In recognition of the high quality of locally produced wines, in 1983 the Hermann AVA (American Viticultural Area) was recognized as a section of the Ozark Mountain AVA. Seven wineries in Hermann AVA produce 1/3 of the wine produced in Missouri.

In 1983 Patty Cunningham, our Mother and a well known regional artist and sculptor, purchased the property and converted the barn into a combination studio and guest quarters.  She operated her business, producing murals, sculptures, and wall treatments for hotels, restaurants, and residences until she retired in 1998.

During this period, the terraces and fields were used primarily to crop hay to help pay for taxes and general upkeep.

In 2006, at the age of 82, Patty finally had to give up the weekly process of hitching the “brush hog” to the John Deere tractor and mowing 10 acres of yard. This happily coincided with her youngest daughter, Connie, deciding to relocate her landscape architecture and design business from Chicago to Missouri.

That first Thanksgiving in 2006, as we were sitting around the table having a “free range, organic turkey” that we had purchased in St. Louis, conversation turned to what would be the best use for the property and elaborate farm building infrastructure. We all felt that the land deserved to be put back into production, but in an environmentally sensitive fashion.

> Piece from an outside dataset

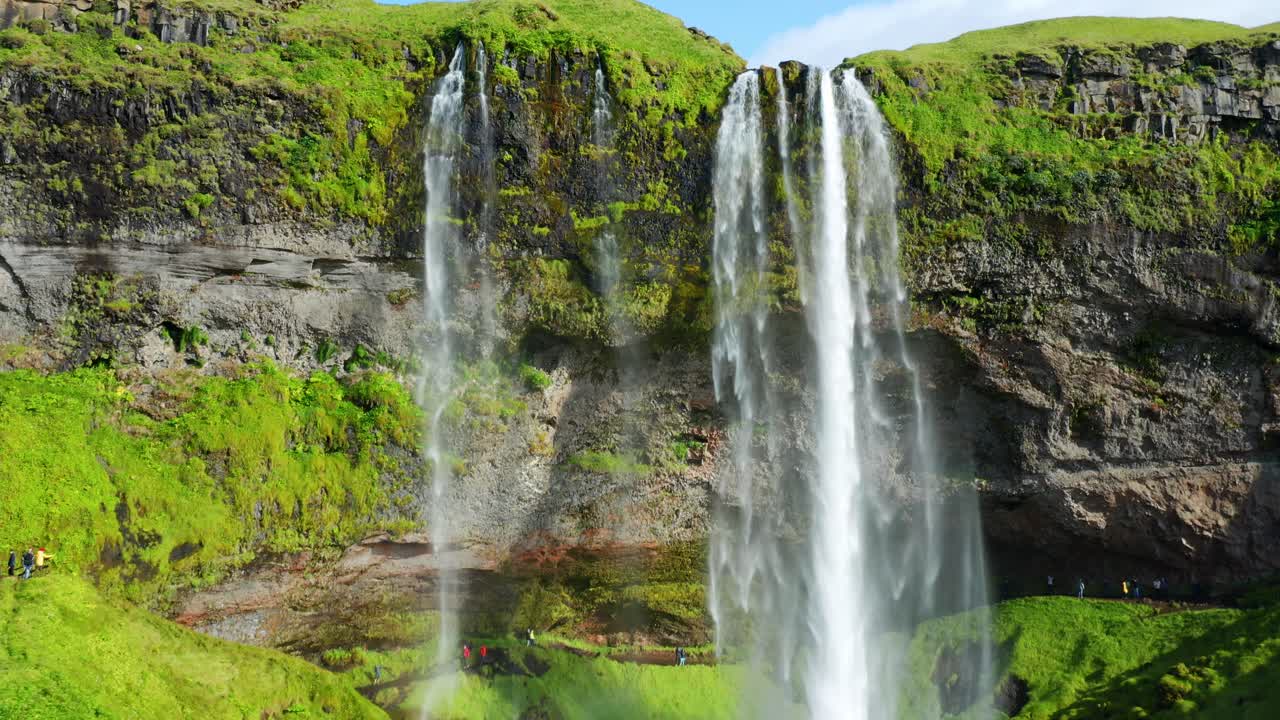 paisaje pintoresco de la cascada seljalandsfoss que fluye en el acantilado en verano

Cooking a “Christmas Goose,” both wild and domesticated, had been a family tradition. However, finding a goose even in high end specialty markets was frequently difficult. Geese do not thrive in confinement, they need “personal space” and are always actively looking for things to do and getting into mischief. Due to their nature, they are not a popular commercial crop.

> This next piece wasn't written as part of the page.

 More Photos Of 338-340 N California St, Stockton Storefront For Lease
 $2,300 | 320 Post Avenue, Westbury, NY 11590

At Sassafras Valley Farm we had 80 acres of unspoiled property with substantial barns and outbuildings. The 40 acres of pasture had been virtually untouched for cultivation and had no herbicide or chemical treatments. In addition there was ample fresh water from two springs, a 3-acre spring fed lake, and an artesian well.

Since domesticated geese are graising animals that require substantial amounts of fresh pasture, water, and “personal space” these conditions seemed optimized for raising free range geese in an environmentally sensitive fashion.

This was the genesis of the Sassafras Valley Farm concept.